Maar de ene vraag is de andere niet. Een vraag kan prikkelen of juist in een hokje duwen. Sommige vragen zijn suggestief, manipulatief en eigenlijk een verpakt statement. Een vraag kan een gratuite mening uitlokken of een onderbouwde argumentatie. Goede vragen stellen is een kunst. Het gaat om veel meer dan een uitwisseling van om informatie. 

Voordat je een vraag stelt moet je je daarom eerst afvragen wat je wilt bereiken. Een vraag kan veel meer bewerkstelligen dan informatie boven tafel krijgen, of feiten van mening onderscheiden. Wil jij je iemand aan het nadenken zetten of aanzetten tot actie? Wil je met je vraag het gesprek in een bepaalde richting duwen of wil je begrijpen waarom je medewerker je advies niet wil opvolgen?
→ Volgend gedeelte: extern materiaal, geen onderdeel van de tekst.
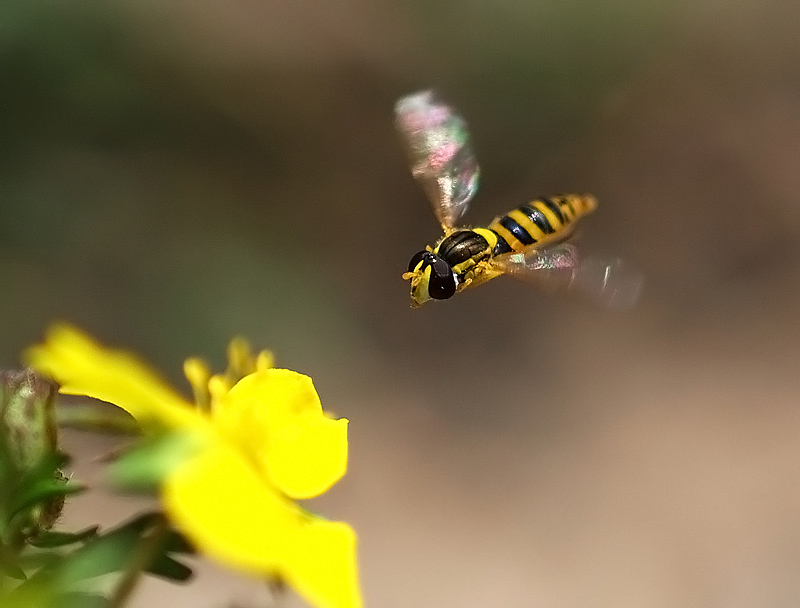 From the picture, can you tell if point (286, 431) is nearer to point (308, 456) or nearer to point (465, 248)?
point (308, 456)

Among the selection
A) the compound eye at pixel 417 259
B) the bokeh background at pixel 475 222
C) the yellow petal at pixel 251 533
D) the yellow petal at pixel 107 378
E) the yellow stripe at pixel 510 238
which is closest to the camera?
the yellow petal at pixel 251 533

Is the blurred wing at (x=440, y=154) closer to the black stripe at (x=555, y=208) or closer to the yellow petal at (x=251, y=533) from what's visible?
the black stripe at (x=555, y=208)

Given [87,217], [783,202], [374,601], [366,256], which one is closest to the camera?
[374,601]

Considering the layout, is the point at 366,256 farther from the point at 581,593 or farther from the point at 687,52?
the point at 687,52

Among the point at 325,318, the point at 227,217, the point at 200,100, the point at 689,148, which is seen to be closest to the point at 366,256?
the point at 325,318

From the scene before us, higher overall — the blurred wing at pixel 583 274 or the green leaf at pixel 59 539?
the blurred wing at pixel 583 274

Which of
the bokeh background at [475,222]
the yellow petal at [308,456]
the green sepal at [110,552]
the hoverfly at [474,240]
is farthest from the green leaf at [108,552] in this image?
the bokeh background at [475,222]

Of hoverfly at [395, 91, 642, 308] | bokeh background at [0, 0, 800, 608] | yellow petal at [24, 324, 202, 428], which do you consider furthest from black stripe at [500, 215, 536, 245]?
bokeh background at [0, 0, 800, 608] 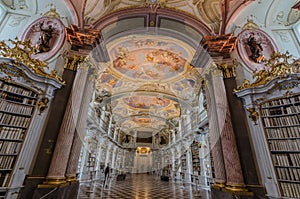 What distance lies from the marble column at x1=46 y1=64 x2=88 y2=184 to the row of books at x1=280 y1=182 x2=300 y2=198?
18.3 ft

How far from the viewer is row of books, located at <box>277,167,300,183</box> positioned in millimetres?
3619

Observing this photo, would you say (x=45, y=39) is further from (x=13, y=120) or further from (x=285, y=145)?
(x=285, y=145)

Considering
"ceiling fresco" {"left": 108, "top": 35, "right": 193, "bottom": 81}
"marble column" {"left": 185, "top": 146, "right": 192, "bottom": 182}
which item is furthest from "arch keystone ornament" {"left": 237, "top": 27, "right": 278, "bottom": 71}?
"marble column" {"left": 185, "top": 146, "right": 192, "bottom": 182}

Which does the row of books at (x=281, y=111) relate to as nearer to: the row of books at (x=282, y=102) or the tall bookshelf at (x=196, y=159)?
the row of books at (x=282, y=102)

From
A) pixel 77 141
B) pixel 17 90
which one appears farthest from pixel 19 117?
pixel 77 141

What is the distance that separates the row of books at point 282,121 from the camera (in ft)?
13.0

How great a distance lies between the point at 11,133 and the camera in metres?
3.85

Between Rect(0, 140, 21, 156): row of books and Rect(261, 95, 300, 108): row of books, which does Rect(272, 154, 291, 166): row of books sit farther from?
Rect(0, 140, 21, 156): row of books

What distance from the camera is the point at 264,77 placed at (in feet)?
15.1

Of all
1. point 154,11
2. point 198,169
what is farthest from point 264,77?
point 198,169

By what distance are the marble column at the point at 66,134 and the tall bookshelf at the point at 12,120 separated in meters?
0.87

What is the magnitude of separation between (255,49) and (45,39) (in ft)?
25.4

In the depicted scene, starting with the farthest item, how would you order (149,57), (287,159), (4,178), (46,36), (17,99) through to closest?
1. (149,57)
2. (46,36)
3. (17,99)
4. (287,159)
5. (4,178)

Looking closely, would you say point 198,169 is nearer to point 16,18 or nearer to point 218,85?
point 218,85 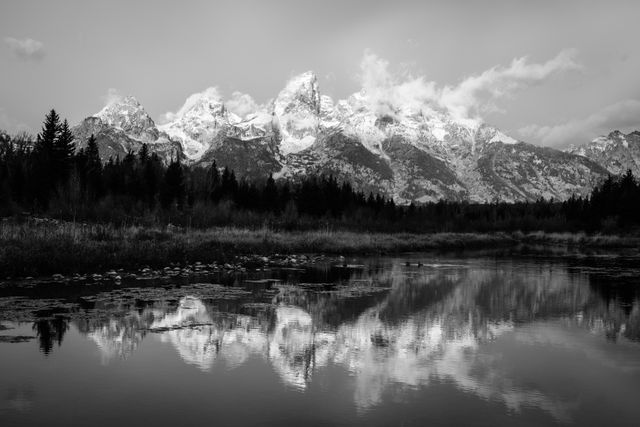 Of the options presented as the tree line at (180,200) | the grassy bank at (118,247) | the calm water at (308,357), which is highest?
the tree line at (180,200)

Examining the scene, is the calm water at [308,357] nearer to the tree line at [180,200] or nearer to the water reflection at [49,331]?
the water reflection at [49,331]

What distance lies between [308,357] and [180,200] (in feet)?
323

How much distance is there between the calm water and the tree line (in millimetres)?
32355

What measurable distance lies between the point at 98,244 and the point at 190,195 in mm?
92033

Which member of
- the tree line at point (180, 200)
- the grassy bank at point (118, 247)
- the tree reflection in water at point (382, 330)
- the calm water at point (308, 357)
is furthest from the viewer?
the tree line at point (180, 200)

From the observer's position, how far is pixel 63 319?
14406 mm

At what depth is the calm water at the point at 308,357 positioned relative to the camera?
8664 millimetres

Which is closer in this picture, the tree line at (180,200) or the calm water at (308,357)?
the calm water at (308,357)

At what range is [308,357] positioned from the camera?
11.9m

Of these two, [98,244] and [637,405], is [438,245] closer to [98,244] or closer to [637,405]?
[98,244]

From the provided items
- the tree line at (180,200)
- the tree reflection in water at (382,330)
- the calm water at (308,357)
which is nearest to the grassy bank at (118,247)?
the calm water at (308,357)

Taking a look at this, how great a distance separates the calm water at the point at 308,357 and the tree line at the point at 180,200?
106ft

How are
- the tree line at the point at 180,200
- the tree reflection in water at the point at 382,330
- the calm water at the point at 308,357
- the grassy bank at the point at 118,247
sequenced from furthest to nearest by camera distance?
the tree line at the point at 180,200, the grassy bank at the point at 118,247, the tree reflection in water at the point at 382,330, the calm water at the point at 308,357

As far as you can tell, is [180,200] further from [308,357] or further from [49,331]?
[308,357] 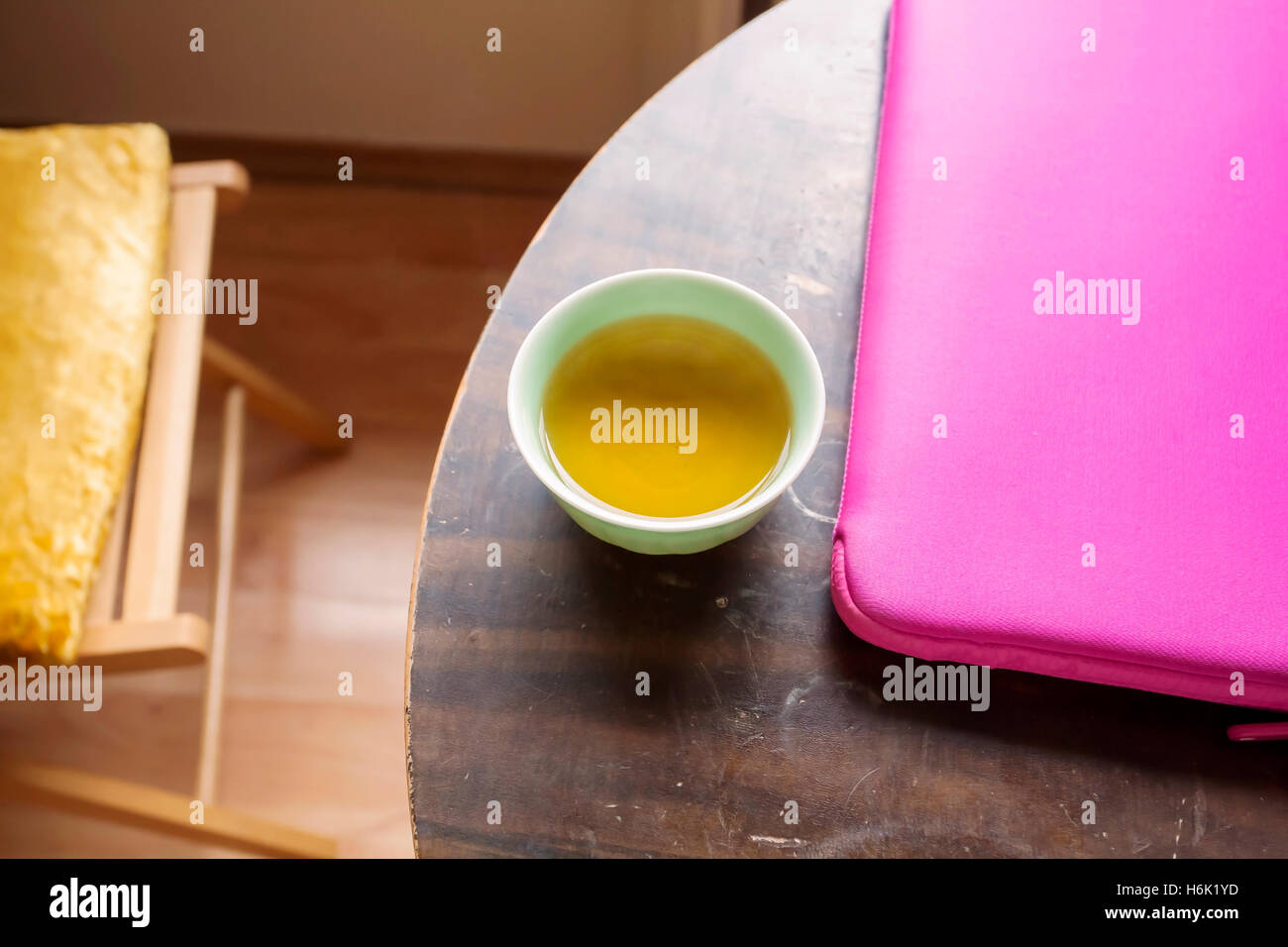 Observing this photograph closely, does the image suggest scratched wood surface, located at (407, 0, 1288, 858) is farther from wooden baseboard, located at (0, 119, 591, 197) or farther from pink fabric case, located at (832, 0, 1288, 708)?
wooden baseboard, located at (0, 119, 591, 197)

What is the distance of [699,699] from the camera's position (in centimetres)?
46

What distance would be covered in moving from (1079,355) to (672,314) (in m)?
0.22

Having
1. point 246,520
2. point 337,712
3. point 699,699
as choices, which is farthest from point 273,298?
point 699,699

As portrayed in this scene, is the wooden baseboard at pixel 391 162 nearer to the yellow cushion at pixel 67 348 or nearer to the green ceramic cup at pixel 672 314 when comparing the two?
the yellow cushion at pixel 67 348

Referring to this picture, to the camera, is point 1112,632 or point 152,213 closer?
point 1112,632

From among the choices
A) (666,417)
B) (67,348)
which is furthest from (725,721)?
(67,348)

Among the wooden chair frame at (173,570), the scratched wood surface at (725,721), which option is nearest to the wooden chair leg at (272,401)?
the wooden chair frame at (173,570)

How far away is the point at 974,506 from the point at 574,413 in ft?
0.68

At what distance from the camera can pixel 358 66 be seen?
1153mm

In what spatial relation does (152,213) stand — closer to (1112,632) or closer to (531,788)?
(531,788)

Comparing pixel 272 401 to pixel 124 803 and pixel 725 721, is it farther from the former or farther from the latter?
pixel 725 721

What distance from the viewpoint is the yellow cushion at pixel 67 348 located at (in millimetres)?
649

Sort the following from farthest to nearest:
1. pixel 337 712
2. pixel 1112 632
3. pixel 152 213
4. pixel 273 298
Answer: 1. pixel 273 298
2. pixel 337 712
3. pixel 152 213
4. pixel 1112 632

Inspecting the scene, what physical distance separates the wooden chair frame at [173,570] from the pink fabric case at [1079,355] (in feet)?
1.71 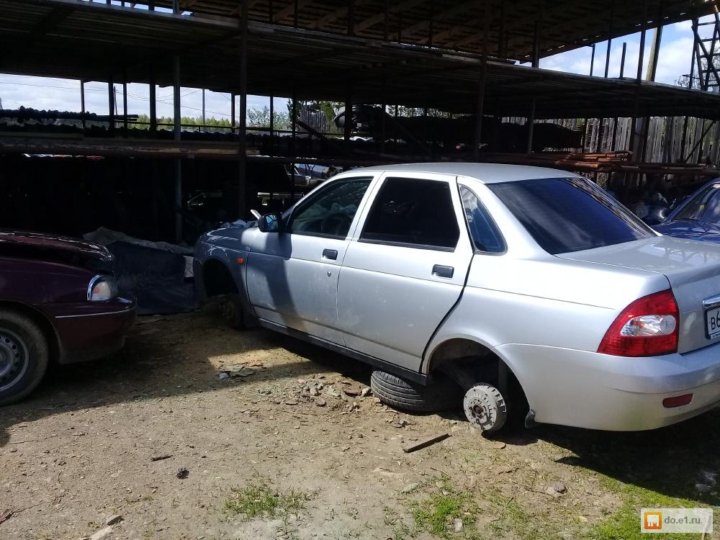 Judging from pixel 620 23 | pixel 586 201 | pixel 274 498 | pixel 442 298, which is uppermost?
pixel 620 23

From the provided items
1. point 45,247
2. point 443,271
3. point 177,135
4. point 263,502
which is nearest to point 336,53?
point 177,135

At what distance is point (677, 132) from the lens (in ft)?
63.8

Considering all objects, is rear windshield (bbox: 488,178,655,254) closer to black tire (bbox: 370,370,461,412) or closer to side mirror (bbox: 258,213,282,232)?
black tire (bbox: 370,370,461,412)

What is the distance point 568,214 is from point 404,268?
1.09 m

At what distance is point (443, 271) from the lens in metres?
3.84

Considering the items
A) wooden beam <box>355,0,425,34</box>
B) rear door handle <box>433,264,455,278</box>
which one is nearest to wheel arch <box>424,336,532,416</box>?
rear door handle <box>433,264,455,278</box>

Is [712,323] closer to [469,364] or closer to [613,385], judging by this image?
[613,385]

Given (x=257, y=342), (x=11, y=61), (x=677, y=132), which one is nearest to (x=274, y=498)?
(x=257, y=342)

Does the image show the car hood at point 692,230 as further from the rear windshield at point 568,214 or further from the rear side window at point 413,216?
the rear side window at point 413,216

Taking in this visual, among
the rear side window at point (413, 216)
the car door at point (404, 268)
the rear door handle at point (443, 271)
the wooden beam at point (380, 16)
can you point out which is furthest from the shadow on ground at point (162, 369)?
the wooden beam at point (380, 16)

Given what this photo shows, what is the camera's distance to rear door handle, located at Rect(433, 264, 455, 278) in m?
3.80

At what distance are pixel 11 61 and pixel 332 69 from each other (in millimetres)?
5854

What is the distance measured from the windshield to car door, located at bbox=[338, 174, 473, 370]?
385 centimetres

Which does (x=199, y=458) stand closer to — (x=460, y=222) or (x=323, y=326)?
(x=323, y=326) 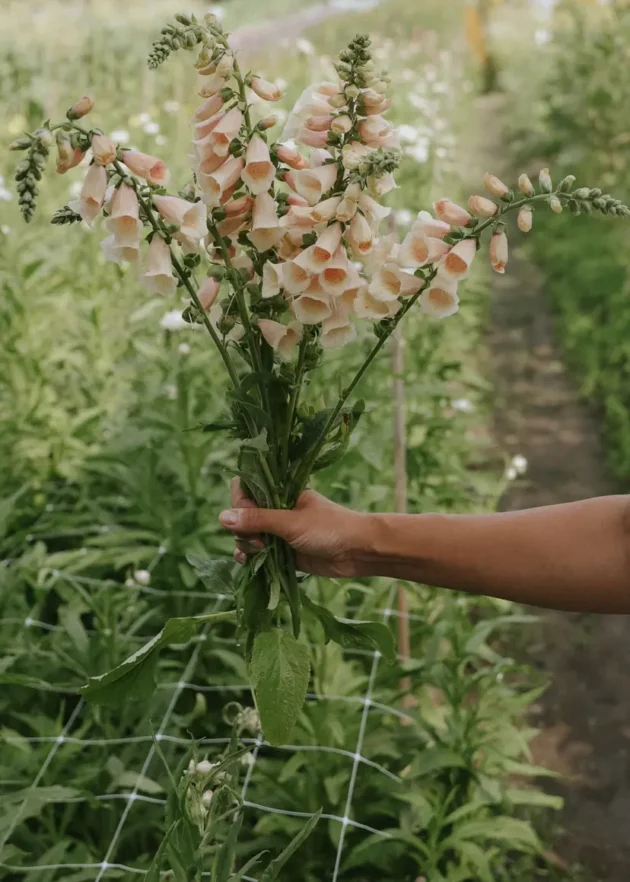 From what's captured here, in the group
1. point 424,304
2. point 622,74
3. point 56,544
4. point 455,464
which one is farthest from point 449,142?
point 424,304

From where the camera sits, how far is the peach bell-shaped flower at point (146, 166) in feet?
3.42

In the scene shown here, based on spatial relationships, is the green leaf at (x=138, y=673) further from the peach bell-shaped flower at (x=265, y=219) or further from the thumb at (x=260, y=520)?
A: the peach bell-shaped flower at (x=265, y=219)

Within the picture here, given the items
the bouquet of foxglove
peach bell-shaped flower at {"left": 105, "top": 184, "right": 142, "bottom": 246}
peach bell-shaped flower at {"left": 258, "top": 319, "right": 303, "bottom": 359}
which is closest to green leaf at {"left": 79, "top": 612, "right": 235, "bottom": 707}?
the bouquet of foxglove

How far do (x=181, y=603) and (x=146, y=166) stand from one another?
61.5 inches

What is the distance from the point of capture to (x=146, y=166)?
1049 millimetres

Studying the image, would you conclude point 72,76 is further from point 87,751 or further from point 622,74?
point 87,751

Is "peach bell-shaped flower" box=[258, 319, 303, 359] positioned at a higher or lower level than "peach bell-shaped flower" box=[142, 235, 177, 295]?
lower

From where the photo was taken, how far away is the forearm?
1204 mm

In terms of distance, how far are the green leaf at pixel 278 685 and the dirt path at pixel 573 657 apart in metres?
1.32

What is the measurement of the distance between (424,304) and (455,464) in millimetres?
2121

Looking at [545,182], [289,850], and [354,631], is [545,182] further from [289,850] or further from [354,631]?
[289,850]

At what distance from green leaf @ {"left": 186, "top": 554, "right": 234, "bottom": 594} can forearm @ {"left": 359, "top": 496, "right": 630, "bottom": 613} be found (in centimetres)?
20

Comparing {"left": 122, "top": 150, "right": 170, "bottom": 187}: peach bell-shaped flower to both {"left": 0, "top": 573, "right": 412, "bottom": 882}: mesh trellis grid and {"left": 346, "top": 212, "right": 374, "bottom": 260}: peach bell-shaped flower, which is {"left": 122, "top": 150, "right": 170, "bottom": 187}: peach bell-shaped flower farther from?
{"left": 0, "top": 573, "right": 412, "bottom": 882}: mesh trellis grid

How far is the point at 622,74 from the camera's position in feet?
20.9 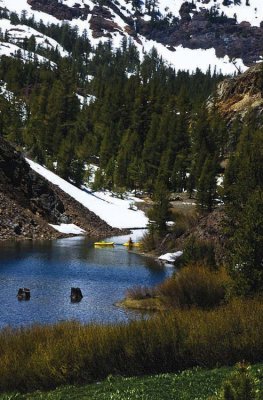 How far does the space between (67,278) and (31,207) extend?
115 feet

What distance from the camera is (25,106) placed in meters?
160

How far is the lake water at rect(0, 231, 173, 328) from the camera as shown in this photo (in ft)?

Of wil je je medewerker prikkelen om verantwoordelijkheid te nemen?

Tijdens een studiedag gaan de deelnemers, na de plenaire lezing van een inspirerende spreker, uiteen in kleinere groepen. Het is de bedoeling dat ze spreken over leiderschap in hun organisatie. De voorbereidingsgroep wil graag het een en ander ‘ophalen’ en heeft daarom vragen bedacht voor de groepjes. ‘Wat zie jij als de belangrijkste leiderschapsthema’s in onze organisatie?” en ‘Wat heb jij nodig in jouw leiderschap?’ en ‘Welke vaardigheden zou jij als leider verder willen ontwikkelen?’

Na afloop blijkt de opbrengst van de gesprekken moeilijk te rubriceren. De afdeling HRM heeft geen duidelijke aanwijzingen gekregen over de scholing die ze zou moeten organiseren voor de teamleiders en de conclusie wordt getrokken dat de leiders niet goed hun eigen leerwensen kunnen formuleren. Bij de deelnemers is de verwachting gewekt dat hun input gehonoreerd gaat worden en zij worden teleurgesteld. 

Wat een gemiste kans. Het achterliggende doel was niet een waardevol gesprek voeren over leiderschap, maar input leveren voor de HRM-adviseurs. De vragen waren gericht op ‘ophalen’, niet op het faciliteren van een inspirerende ontmoeting tussen de deelnemers. De vraag: ‘Wat beogen we hier eigenlijk mee?’ of  ‘Wacht even, pakken we nu wel het eigenlijke probleem aan?’’ is niet alleen nuttig voor een voorbereidingsgroep van een studiedag, het kan een einde maken aan menig loos gepraat in een vergadering. 

Wanneer je weet wat je wilt bereiken, gaat het vervolgens om de juiste formulering. Dat is nog niet zo gemakkelijk. Stel, je vindt dat jij te veel aan het woord bent in je teamoverleg en je wilt je teamleden tot een dialoog stimuleren. ‘Wat vinden jullie van dit voorstel?’ is een open vraag waarop je uitnodigt tot alles wat rijp en groen is. ‘Wat vinden jullie de goede punten in dit voorstel?’ is al gerichter. Als vervolgvraag kun je dan stellen: ‘Op welke problemen zou het stuiten als we dit voorstel uitvoeren en hoe kunnen we dat voorkomen?’ 

Met zulke explorerende vragen onderzoek je het onderwerp van verschillende kanten.

Bijvoorbeeld: ‘‘Welke groepen zouden nog meer last kunnen krijgen van deze maatregel?’ 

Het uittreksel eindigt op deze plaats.